[Data provided]
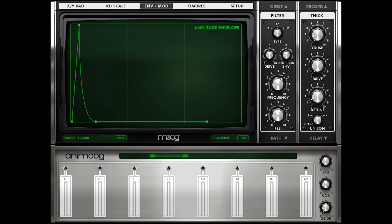Do you want it to have a quick attack where it just goes right into the sound? Maybe you want it to trail off at the end. It's all up to you, and that's what envelopes are all about — giving you control over the character of your sound.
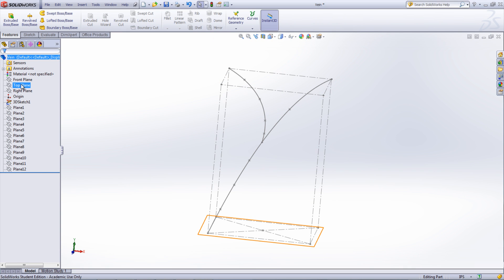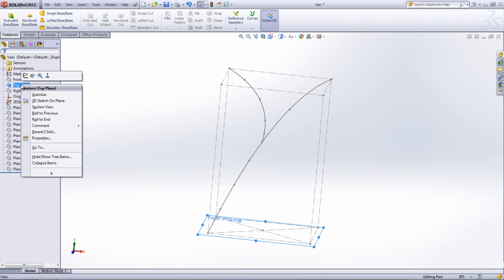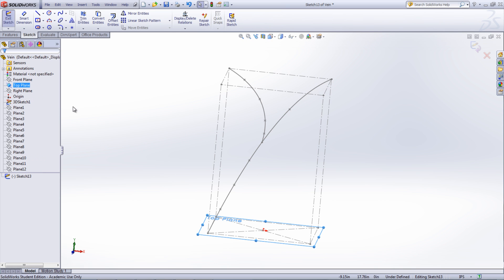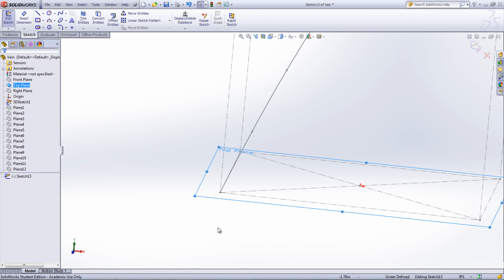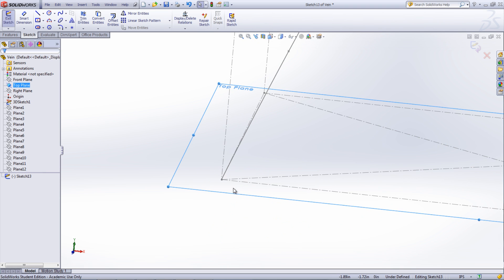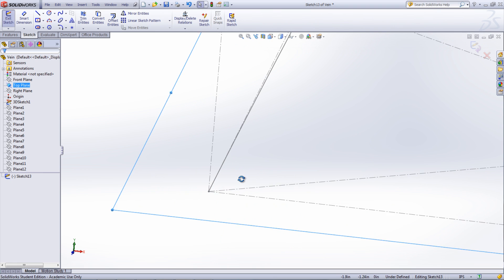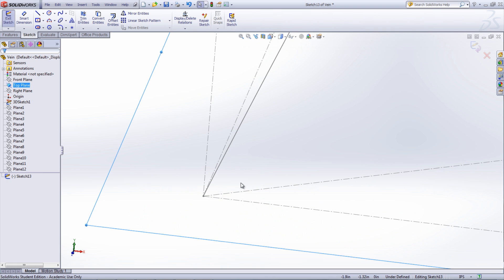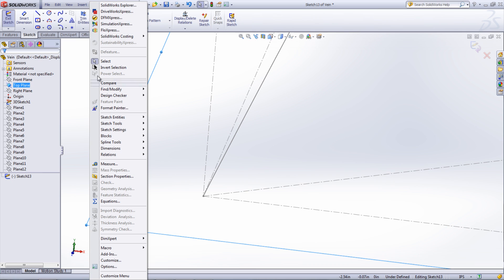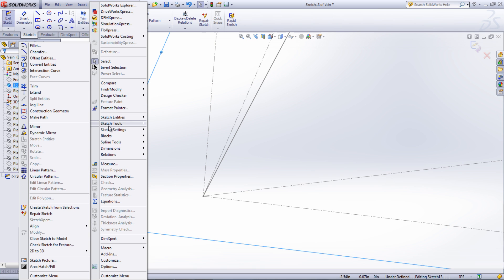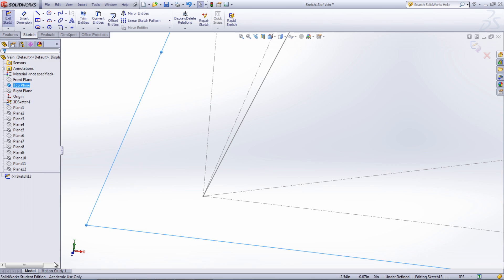A cross section of the vein can be created on one of the end planes. The shape can be created either freehand using splines and arcs or by using a reference picture. This picture can be brought into the sketch by going under Tools, Sketch Tools, and selecting Sketch Picture. This picture can be scaled to size and traced.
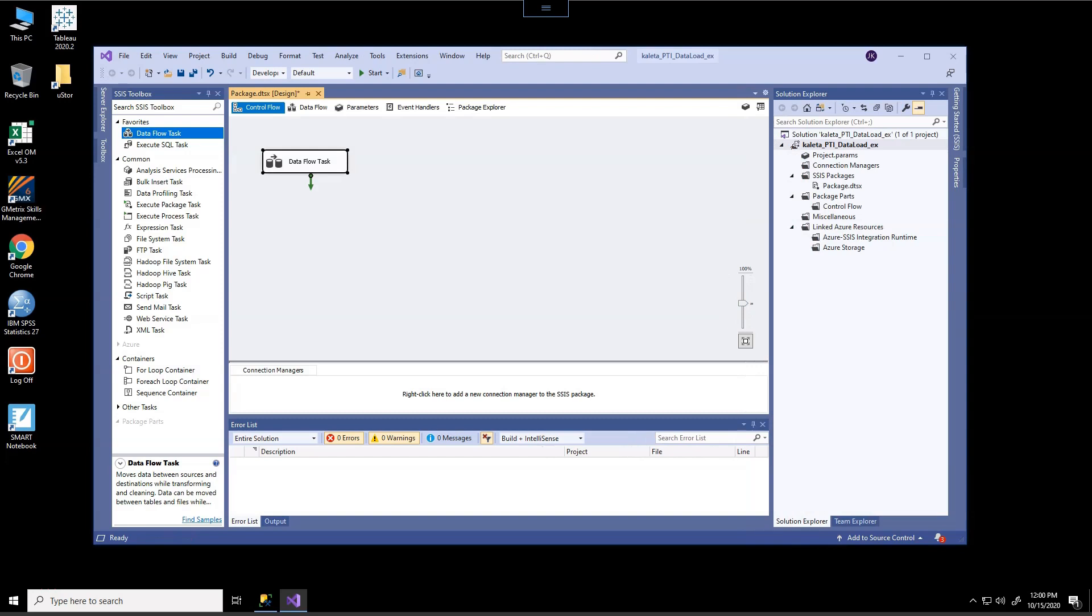So if you haven't done so already, go ahead and click and drag that data flow task into the workspace and we'll get started on this tutorial in the next video.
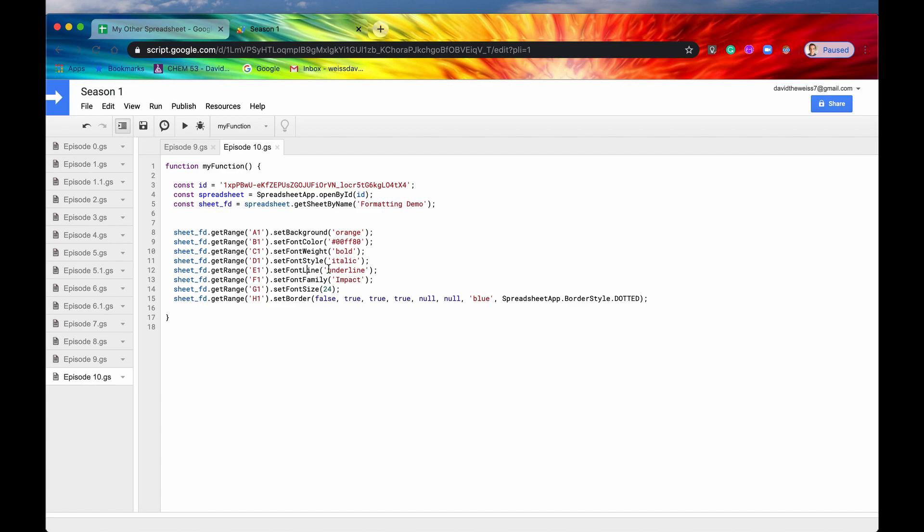Font line is underline. It can also be line through, which in plain English means strikethrough. So the line through the words, if you know what I'm talking about there. Font family is basically the font that you're using. I'm going to select impact.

[What needs to be done] Copy exactly, please, every line from the one holding "A cross section" through the last line of the data, both ends included, and no pictures.

[Answer area]
A cross section of the vein can be created on one of the end planes. The shape can be created either freehand using splines and arcs or by using a reference picture. This picture can be brought into the sketch by going under Tools, Sketch Tools, and selecting Sketch Picture. This picture can be scaled to size and traced.
So if you haven't done so already, go ahead and click and drag that data flow task into the workspace and we'll get started on this tutorial in the next video.
Font line is underline. It can also be line through, which in plain English means strikethrough. So the line through the words, if you know what I'm talking about there. Font family is basically the font that you're using. I'm going to select impact.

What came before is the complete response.